The expression and role of Aquaporin 5 in esophageal squamous cell carcinoma

Background

Aquaporins (AQPs) are water channel proteins that facilitate transcellular water movements. Recent studies have shown that AQP5 is expressed in various cancers, and plays a role in tumor progression. However, its expression and role in esophageal squamous cell carcinoma (ESCC) have not been investigated. We examined the pathophysiologic role of AQP5 in cell proliferation and survival, and also investigated its expression and effects on the prognosis of ESCC patients.

Methods

AQP5 expression in human ESCC cell lines was analyzed by Western blot testing.

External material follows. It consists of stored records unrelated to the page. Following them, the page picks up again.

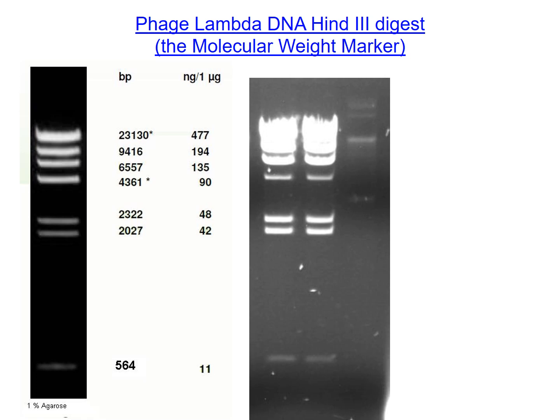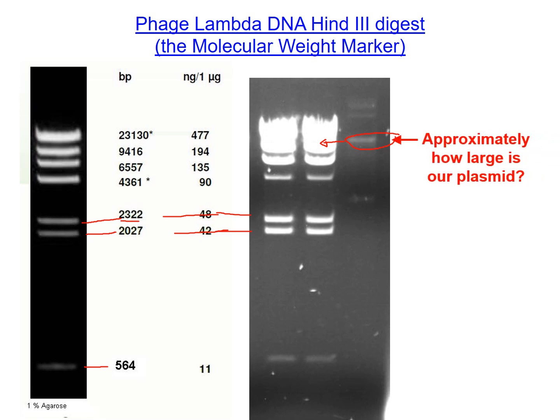Here's the molecular weight marker. You can see bands representing certain sizes: 2,322 base pairs, 2,027 base pairs, and a smaller fragment down here at 564 base pairs. I have our gel lined up right here so you can see the sizes. Our plasmid is somewhere a little more than 9,000 base pairs — so maybe around 10,000 base pairs, give or take. It's a little hard to tell because we loaded a lot of molecular weight marker and the bands kind of smeared together, but I'm guessing around 10,000 base pairs.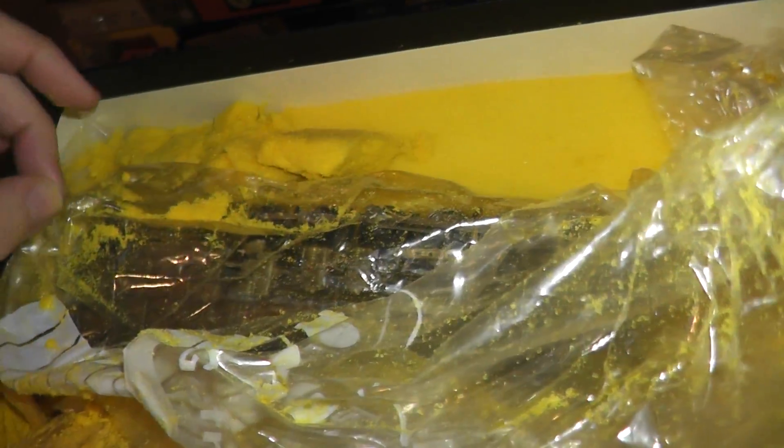Maybe we got lucky. There's a very good chance there's some damage here. Hopefully we got lucky. At least the plastic is still kind of wrapped around.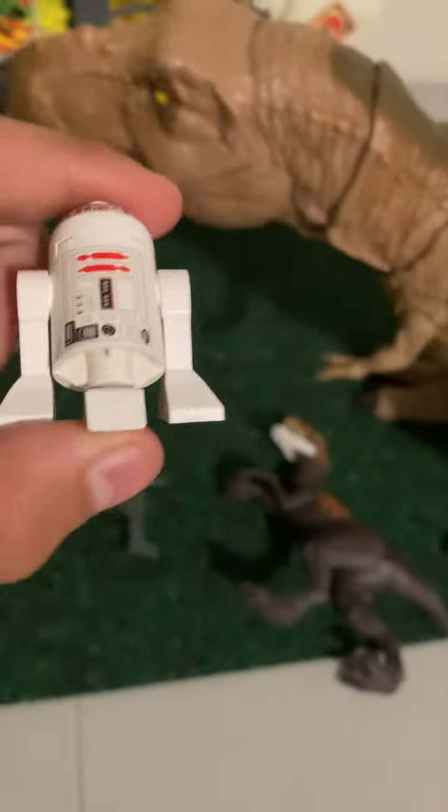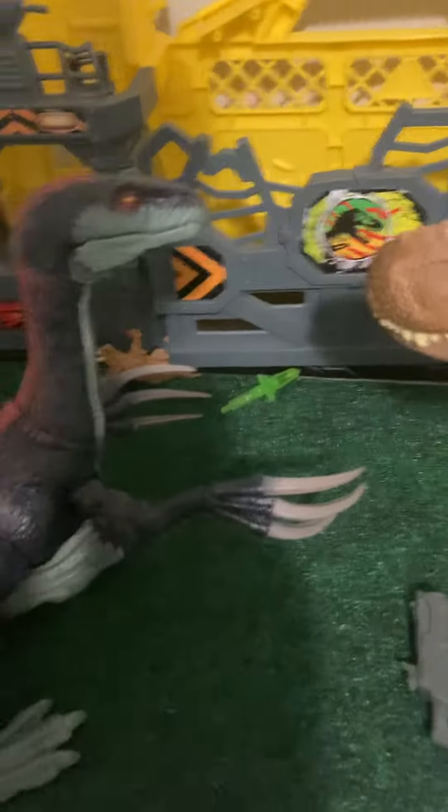Hey guys, today I'm going to be showing you how to make a battle droid figure — just the droid, like the screen right here. You might be wondering what this is — this is the second one. So first, what you want to do is the first one.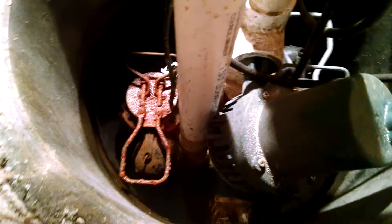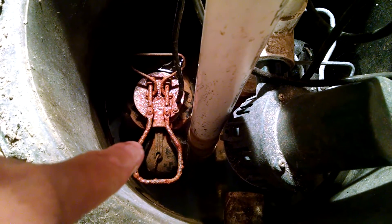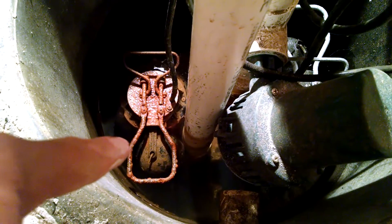This is a sump pump. There are three sump pumps in this design I came up with. This is the number one pump — it's the lowest pump, which at this moment is not working.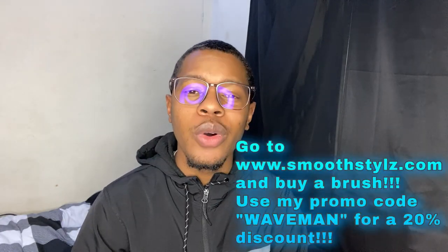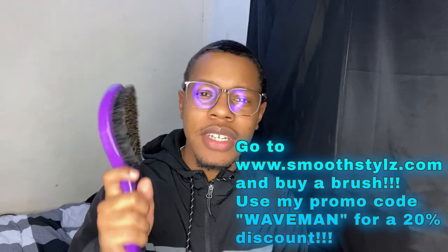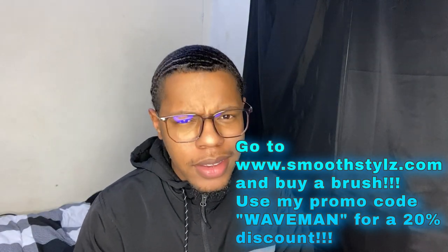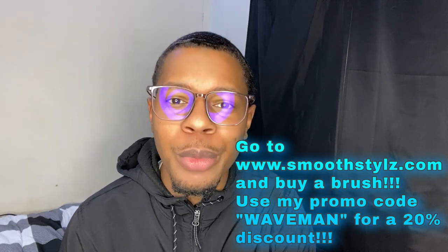So if our hair just so happens not to be too short — it's short, but not too short — then how do we do it? First, you're going to need a brush. You can get a brush from anywhere: Walmart, Target, Amazon, the dollar store. But I recommend going to smoothstyles.com because they have high quality brushes at an affordable price. And when you use my discount code WAVEMAN, you get a discount on top of that affordable price. So go to smoothstyles.com and get a brush using my discount code WAVEMAN.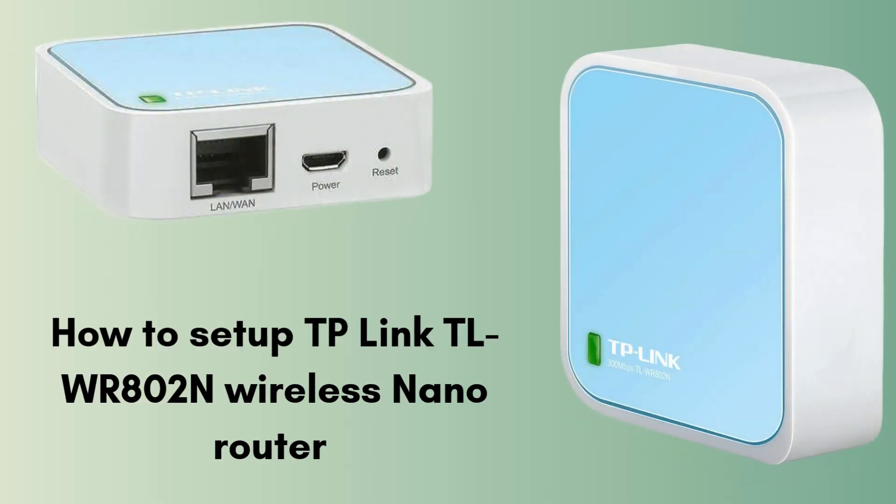Today we are presenting a new video on how to set up the TP-Link TL-WR802N Wireless N Nano Router. The TP-Link TL-WR802N is a compact wireless N nano router designed for travel and small spaces. It converts a wired internet connection into a Wi-Fi hotspot and supports multiple modes. Overall, this is the best device for traveling. So watch this video till the end, and without wasting any time, let's start the setup process.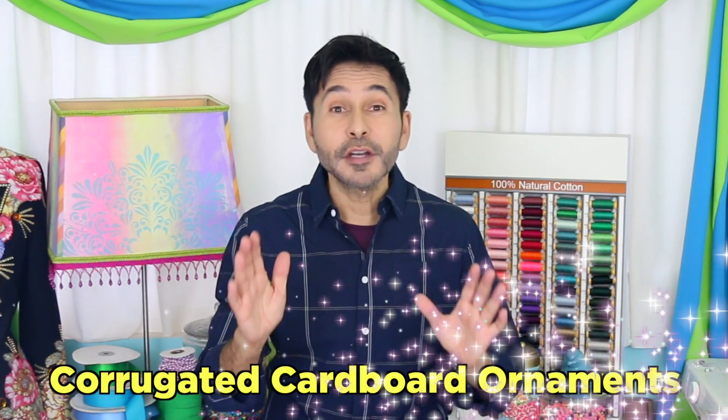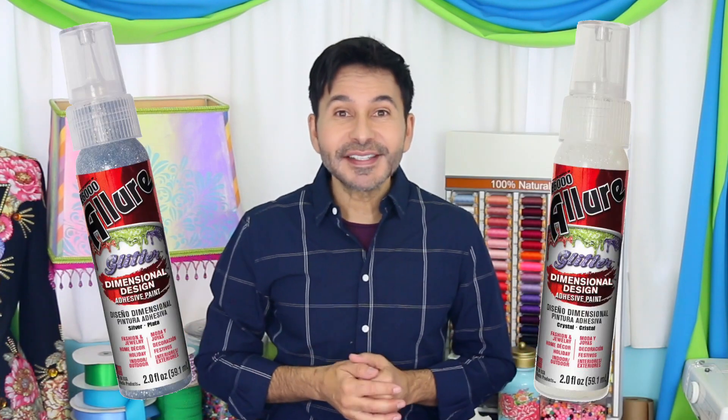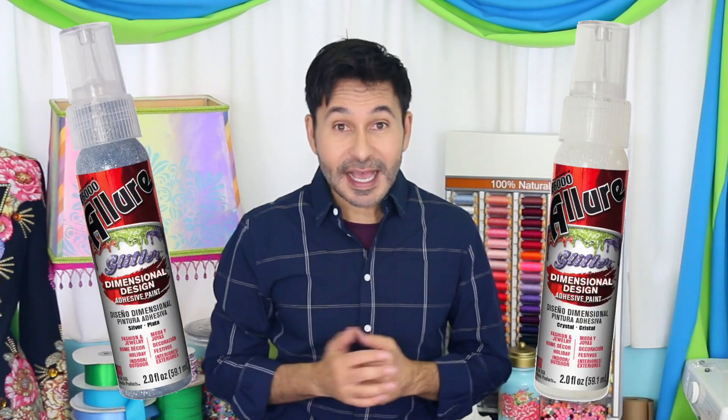Happy Holidays DIYers! I'm Mark Montano and today on Make Your Mark we are making some corrugated cardboard ornaments and we're decorating them with Allure Dimensional Design Adhesive Paint from E6000. Before I forget, I want you to thumbs up if you like this video and leave me a comment if you have a question about this project or you just want to say hello. Are you ready? Let's make some ornaments.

Knockdown experiments with AQP5 siRNA were conducted, and the effects on cell proliferation, cell cycle progression, and cell survival were analyzed. The cells’ gene expression profiles were analyzed by microarray analysis. Immunohistochemistry of AQP5 for 68 primary tumor samples obtained from ESCC patients undergoing esophagectomy was performed.

Results

AQP5 expression was high in TE2 and TE5 cells. In these cells, the knockdown of AQP5 using siRNA inhibited cell proliferation and G₁-S phase progression, and induced apoptosis. The AQP5 siRNA transfected TE5 cells showed significant increase in p21 and decrease in CCND1 mRNA expression, respectively. The expression pattern of AQP5 and p21 protein was sharply contrasted, but AQP5 and CCND1 protein expression showed a similar pattern in ESCC tissue. These findings agree with the microarray results. Immunohistochemical staining of 68 ESCC patients showed the AQP5 expression is associated with tumor size, histological type, and tumor recurrence.

Conclusion

The AQP5 expression in ESCC cells may affect cell proliferation and survival, and impact on the prognosis of ESCC patients.